Matt Skelton remembers his unlikely rise through the heavyweight ranks and pinpoints the moment he realised the ascent had stopped

THERE comes a time in every fighter’s career when he realises his best days are behind him. Usually it manifests physically, and more often than not, it leads to defeat. For Matt Skelton, though, it was a little different. It happened en route to one of the best wins of his career, and during a performance in which he looked as physically formidable as ever.

What Father Time had blunted in Skelton was not his reflexes, durability or strength, but rather his killer instinct.

“I could see he was hurt,” says Skelton of Paolo Vidoz, whom he stopped in a December 2008 European heavyweight title challenge. “He didn’t want to be there. I was looking at him in his corner between rounds and he couldn’t breathe properly. His head was slumping down. I’d broken him, but his pride made him carry on.”

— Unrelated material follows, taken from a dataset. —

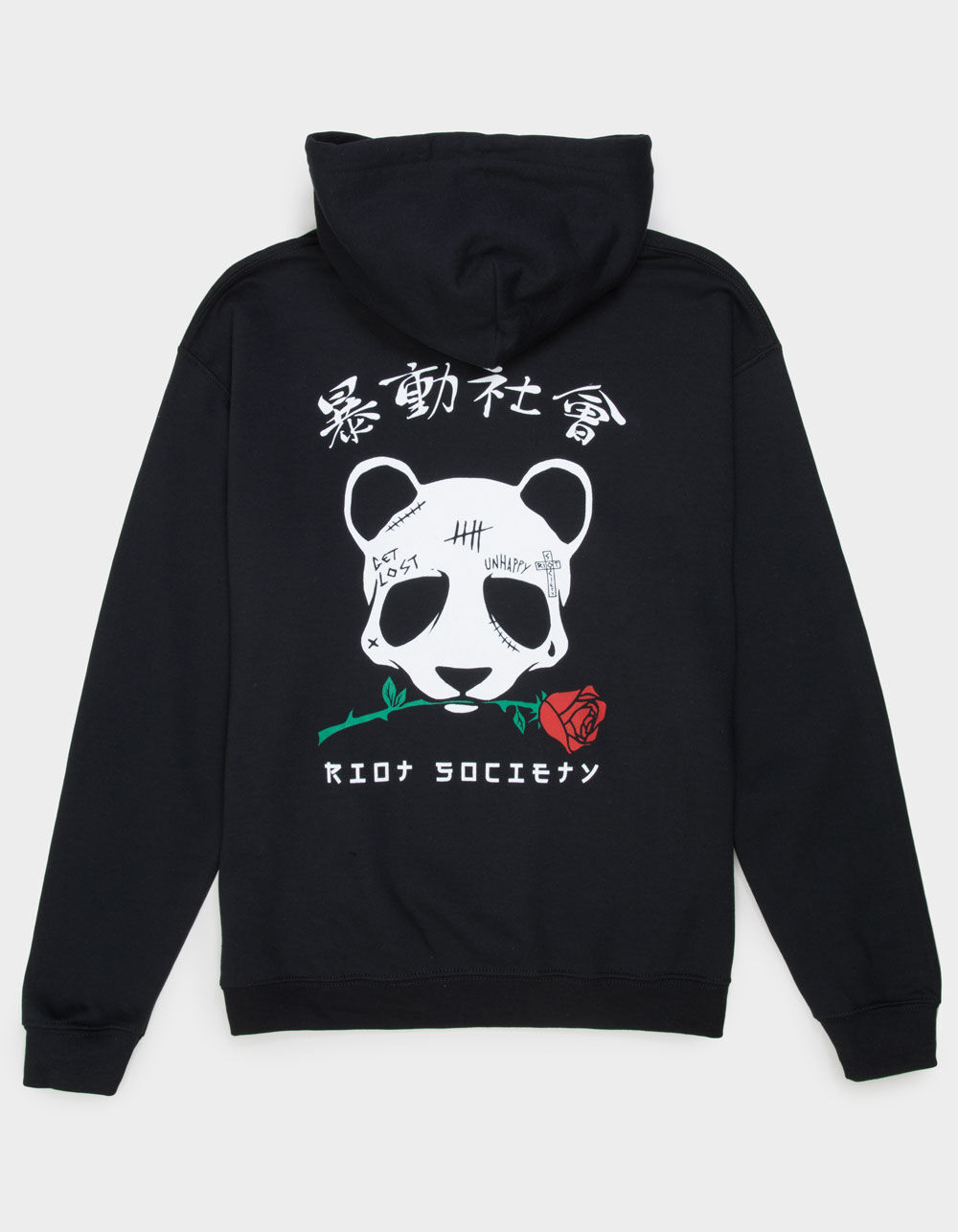 RIOT SOCIETY Panda Rose Skull Mens Hoodie - BLACK | Tillys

Vidoz had been ground down by Skelton’s trademark unrelenting aggression and was in survival mode by the ninth round. Physically exhausted and mentally demoralised, the Italian appeared ready for the taking, but instead Skelton held back and implored referee Robin Dolpierre to intervene. He did not, but Vidoz’s corner pulled their man out before the 10th.

“I was thinking about Chris Eubank and Michael Watson and imagining what it must feel like to know you’ve done that [inflicted life-changing injuries] to another human being,” says Skelton. “So, I started calling for the referee to stop the fight. The doctor thanked me after the fight for my compassion. That’s when I thought to myself ‘you should get out of boxing’. I shouldn’t have been concerned for his wellbeing.”

He fought on, but Skelton identifies that as the tipping point of his career, when he crossed over to the wrong side of the hill, on the wrong side of 40. He’d scored one of his finest results and won a prestigious championship, but it was his last notable success. Skelton would lose his next three contests and then transition from world-ranked contender to gatekeeper.

If the final chapter of Skelton’s boxing career sounds familiar, its early acts were more unconventional.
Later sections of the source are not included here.